Opening the bonnet, you see the “brake fluid” container (normally white) in the engine compartment.
The plastic container has 2 levels. The upper level and the lower level. The brake fluid should reach the upper level.
Get a bottle of medium sized brake fluid for RM8 – RM10. DOT 3 would be the best. Brake fluid comes in various colours. Red, blue or even green. Best to get a brake fluid similar to your original brake colour.
3) Testing the efficiency of your brakes.
Stepping on your brakes, older version of cars should depress half way down. Should it depress completely down to the floorboard, this indicates a slight failure in the braking mechanism.
Another method to test whether the brakes are experiencing a malfunction or otherwise, is to step on the brakes rigidly for a few seconds. If a brake pedal then depresses by itself to the bottom of the floorboard, it is an indication some leakages may occur somewhere along the brake system. Send your car immediately for repairs.
4) Black oil or engine oil levels.
Checking engine oil or black oil in your engine, is rather easy. To do this, first locate the “dipstick”. Extract the dipstick from the engine block. Look at the dipstick carefully.

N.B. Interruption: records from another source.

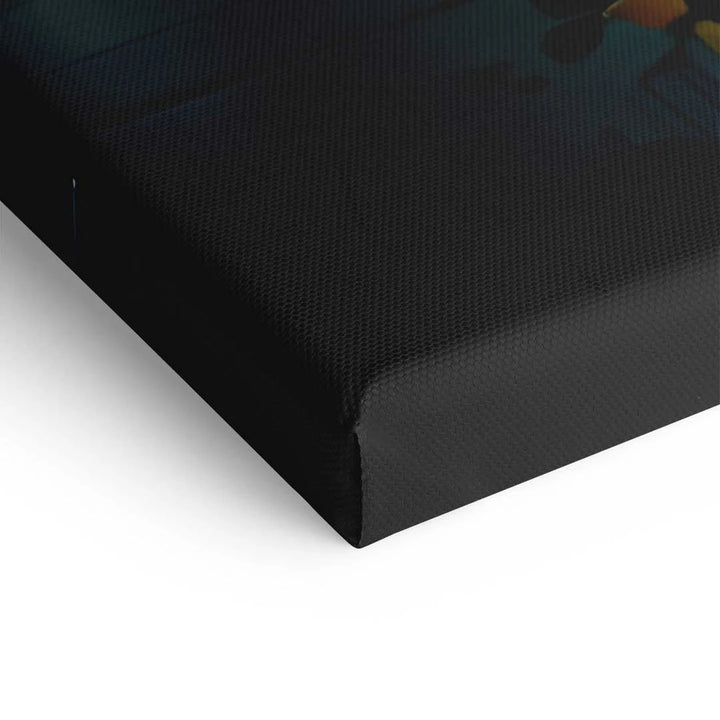 Detailaufnahme einer hochwertigen Leinwand mit abstraktem Splash-Kunstmotiv, Wandbild modern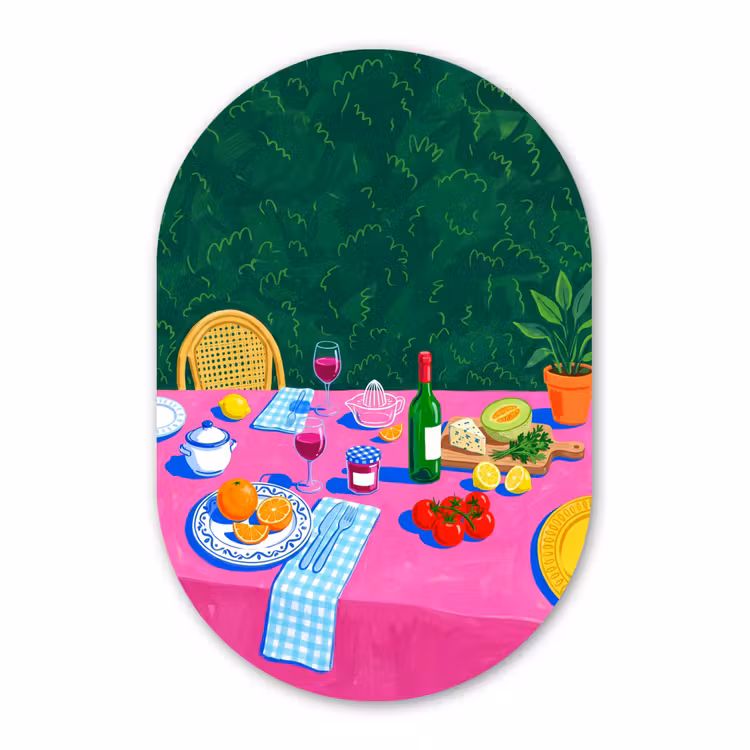 Alu-Dibond-Bild Oval - Essen – Tisch – Illustration — 1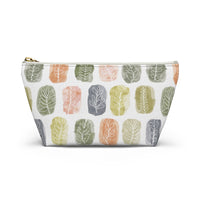 Watercolor Leaf Stamp Accessory Pouch w T-bottom in Green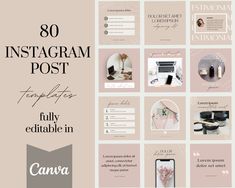 an instagram post with photos and text that reads,'80 instagram posts templates fully editable in canva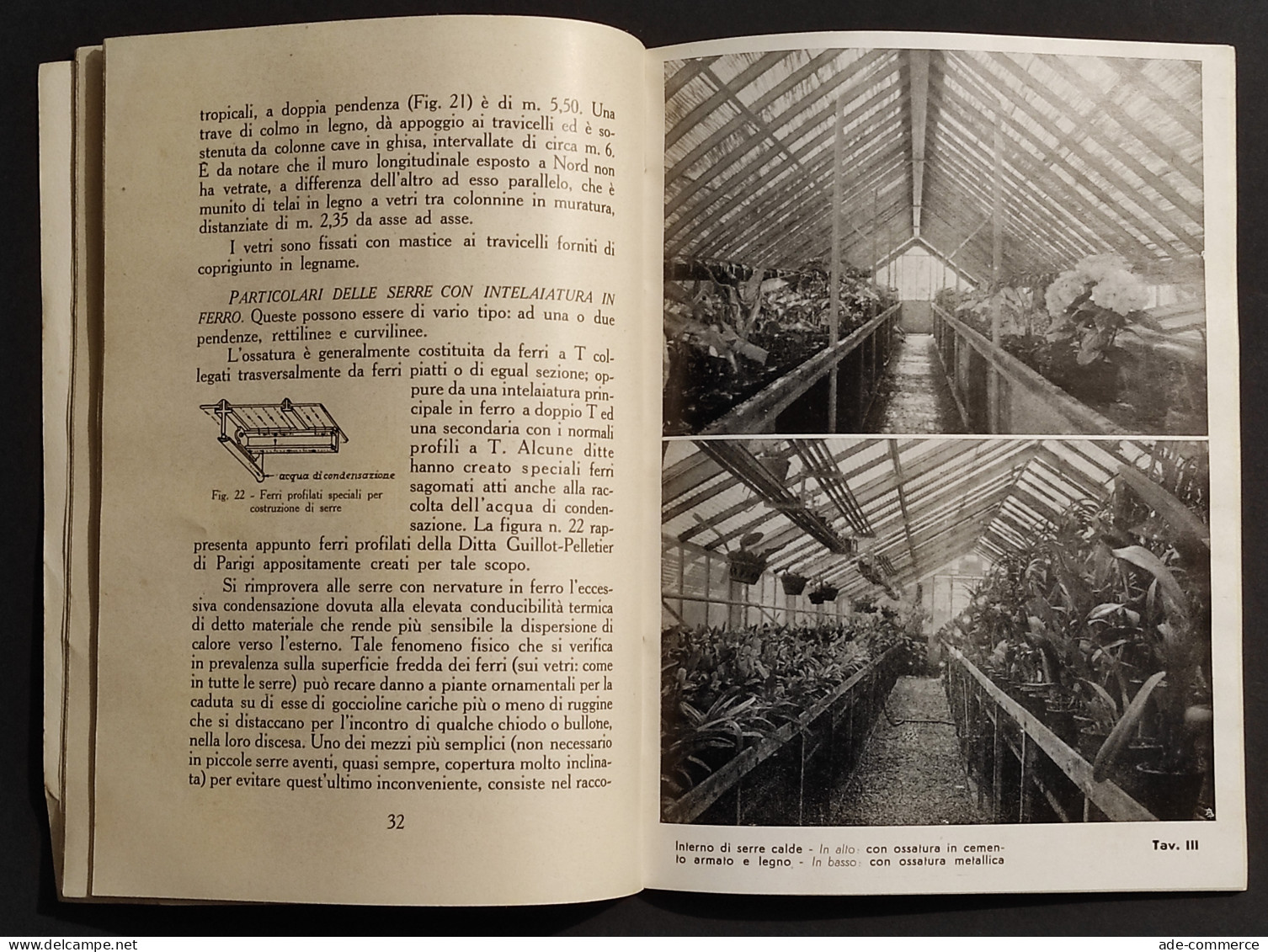 Costruzioni Orticole - G. Valeriani - Ramo Ed. Agricoltori - 1940 - Giardinaggio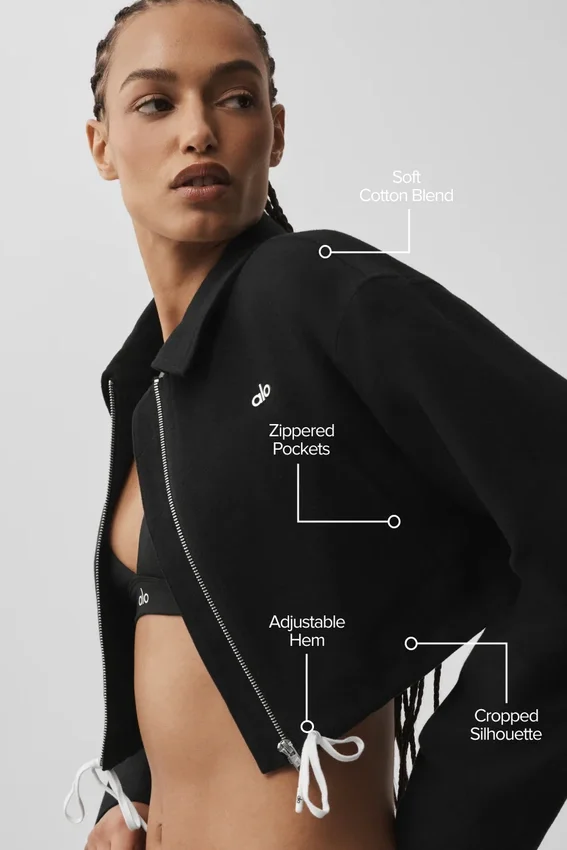 Kort model Full Zip-jasje, favoriet bij fans - Zwart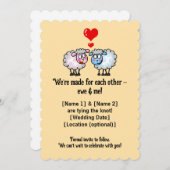 Schattigee Cartoon schapen bruiloft Save The Date (Voorkant / Achterkant)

At the lower end of the dipstick, there will be markings indicating the lower and higher of engine oil. Some advise the engine oil should remain at the higher level. Others advise between the upper and lower levels. Choice is yours.
What oil to use to “top up” the engine oil? The same oil or brand as your original oil is recommended. Multi grade would be best.
5) The tyres.
“Pressure” refers to “amount of air” in your tyre. Ideally 26 psi (pound per square inch) front and 26 psi for the rear tyre is recommended.
Next, it is the “alignment”. Alignment denotes how the tyres touches the ground vertically. If alignment is incorrect or faulty, the tyre will wear away, either on the “inner” or “outer” side. This is called “uneven” tyre wear. Steps will have to be taken to correct this problem.
“Balancing” is the third problem facing a driver. When a tyre is not balanced, the tyre wobbles and vibrates. Steering becomes hard to control.
The steering will sometimes appear “to run to one side”. Balancing then will have to be done to correct this anomaly immediately. These are but a few things a driver can detect or take steps to correct the anomalies facing his vehicle.